Your assignment
Copy, word for word, the lines of the entries below between the one with "Forward Progress - by" and the one with "Tanz- und Bewegungstherapie: In", inclusive, and leave out everything else.

Task inputs
↓↓↓
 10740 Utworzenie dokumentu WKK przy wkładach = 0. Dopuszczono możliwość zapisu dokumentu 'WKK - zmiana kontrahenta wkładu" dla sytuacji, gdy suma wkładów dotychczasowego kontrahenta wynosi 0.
↑↑↑
↓↓↓
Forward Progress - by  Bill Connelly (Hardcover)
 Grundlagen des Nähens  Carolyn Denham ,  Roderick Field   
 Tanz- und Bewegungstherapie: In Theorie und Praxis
↑↑↑
Output of the task
Forward Progress - by  Bill Connelly (Hardcover)
 Grundlagen des Nähens  Carolyn Denham ,  Roderick Field   
 Tanz- und Bewegungstherapie: In Theorie und Praxis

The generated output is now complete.